Japan

Using Abbyy FineReader Pro for Japanese OCR


[Update: if you save your work in the Finereader-specific format, then changes you make after that point will automatically be saved when you exit the application; this is not clear from the documentation, and while it’s usually what you want, it may lead to unpleasant surprises if you decide to abandon changes made during that session.]

After several days with the free demo, in which I tested it with sources of varying quality and tinkered with the options, I bought a license for FineReader Pro 9.0 (at the competitive upgrade price for anyone who owns any OCR product). I then spent a merry evening working through an album where the liner notes were printed at various angles on a colored, patterned background. Comments follow:

  • Turn off all the auto features when working with Japanese text.
  • In the advanced options, disable all target fonts for font-matching except MS Mincho and Times New Roman. Don't let it export as MS Gothic; you'll never find all of the ー/一 errors.
  • Get the cleanest 600-dpi scan you can. This is sufficient for furigana-sized text on a white background.
  • Set the target language to Japanese-only if your source is noisy or you're sure there's no random English in the text. Otherwise, it's safe to leave English turned on.
  • Manually split and deskew pages if the separation isn't clean in the scan.
  • Adjust the apparent resolution of scans to set the output font size, before you tell it to recognize the text.
  • Manually draw recognition areas if there's anything unusual about your layout.
  • Rearrange the windows to put the scan and the recognized text side-by-side.
  • Don't bother with the spell-checker; it offers plausible alternative characters based on shape, but if the correct choice isn't there, you have to correct it in the main window anyway.

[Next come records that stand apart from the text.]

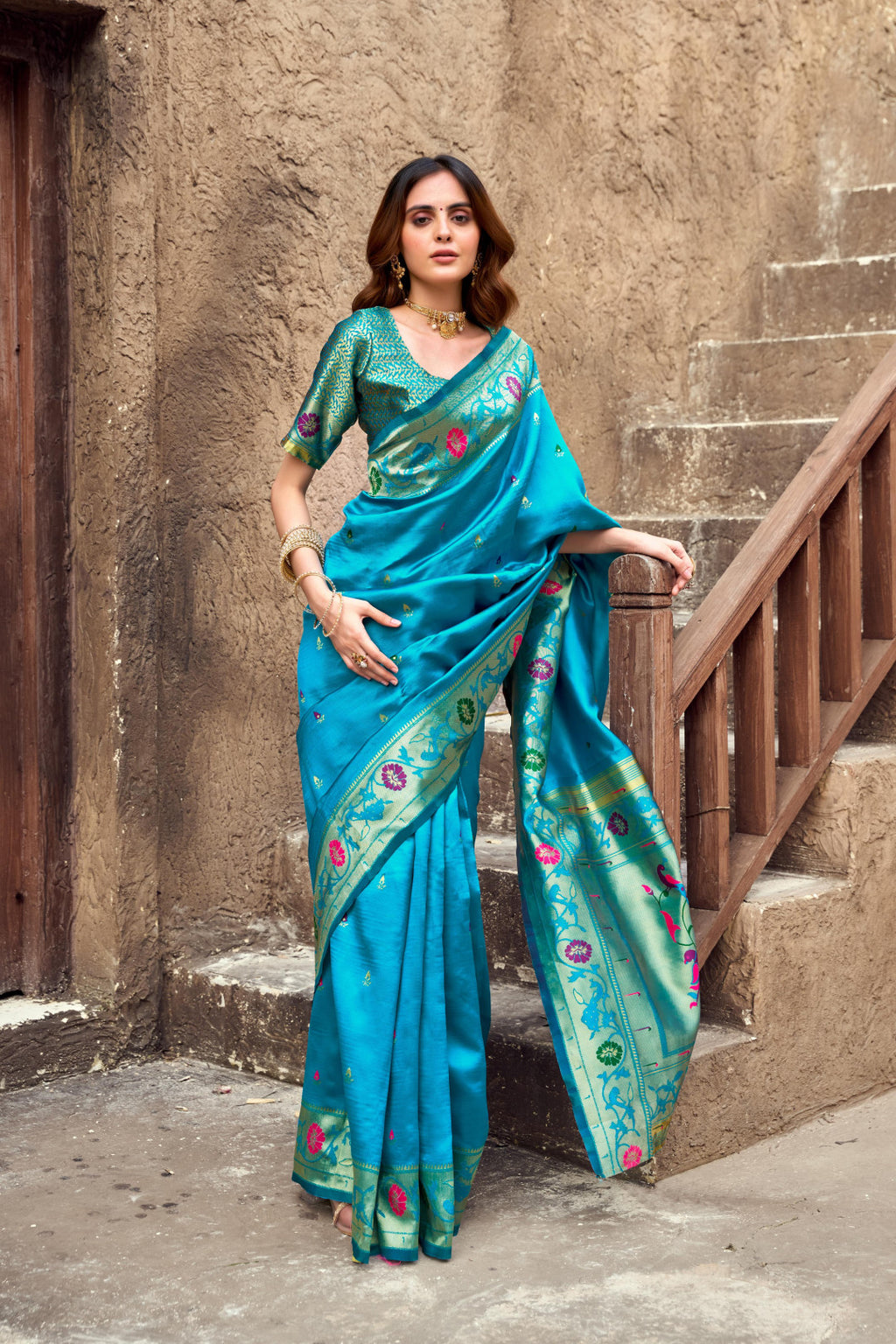 Traditional blue paithani silk saree with zari weaving work
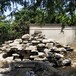 泰州驳岸塑石定做_泰州花园假山鱼池质量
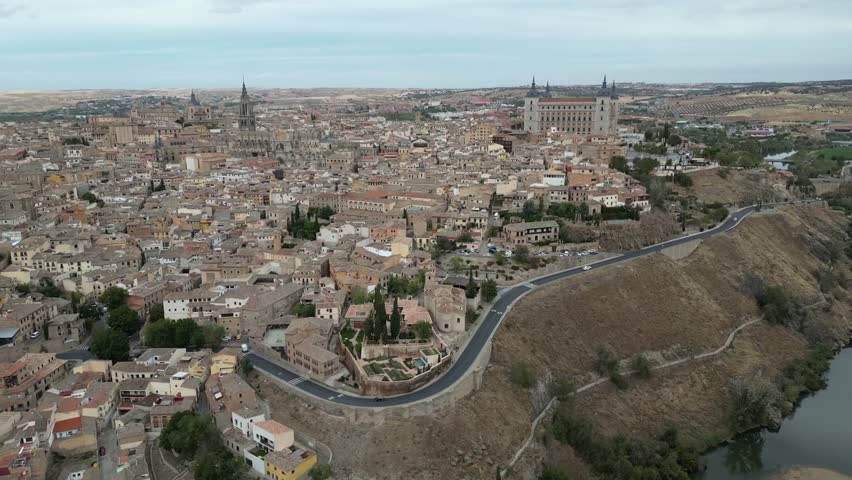 Aerial view of Toledo in Spain. Drone perspective of the city, the cathedral and the Alcazar.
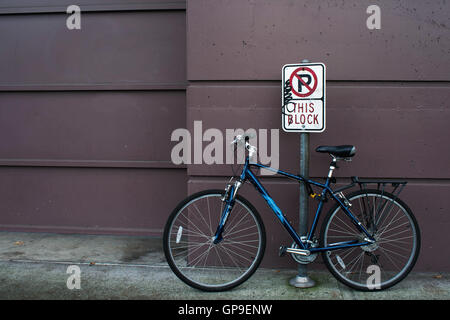 Bicycle leaning on a no parking sign. Stock Photo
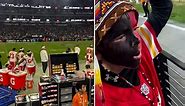 Young KC Chiefs fan with feathered headdress does 'tomahawk chop'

Just right-click as you work through the document to see the same data in context.
  • You can explicitly save in a FineReader-specific format that preserves the entire state of your work, but it creates a new bundle each time, and it won't overwrite an existing one with the same name. This makes it very annoying when you want to simply save your progress as you work through a long document; each new save includes a complete copy of the scans, which adds up fast.
  • If you figure out how to get it stop deleting every full-width kanji whitespace character, let me know; it's damned annoying when you're trying to preserve the layout of a song.
  • Once you've told it to recognize the text, search the entire document for these common errors:
    • っ interpreted as つ and vice-versa
    • ー interpreted as 一 and vice-versa; check all other nearby katakana for "small-x as x" errrors while you're at it
    • 日 interpreted as 曰
    • Any English-style punctuation other than "!", ":", "…", or "?"; most likely, they should be the katakana center-dot, but it might have torn a character apart into random fragments (rare, unless your background is noisy).
    • The digits 0-9; if your source is noisy, random kanji and kana can be interpreted as digits, even when English recognition is disabled.
  • Delete any furigana it happens to recognize, unless you're exporting to PDF; it just makes a mess in Word.
  • In general, export to Word as Formatted Text, with the "Keep line breaks" and "Highlight uncertain characters" options turned on.
  • If your text is on a halftoned background and you're getting a lot of errors, load up the scan in Photoshop, use the Strong Contrast setting in Curves, then try out the various settings under Black & White until you find one that gets rid of most of the remaining halftone dots (I had good luck with Neutral Density). After that, you can Despeckle to get rid of most of the remaining noise, and use Curves again to force the text to a solid black.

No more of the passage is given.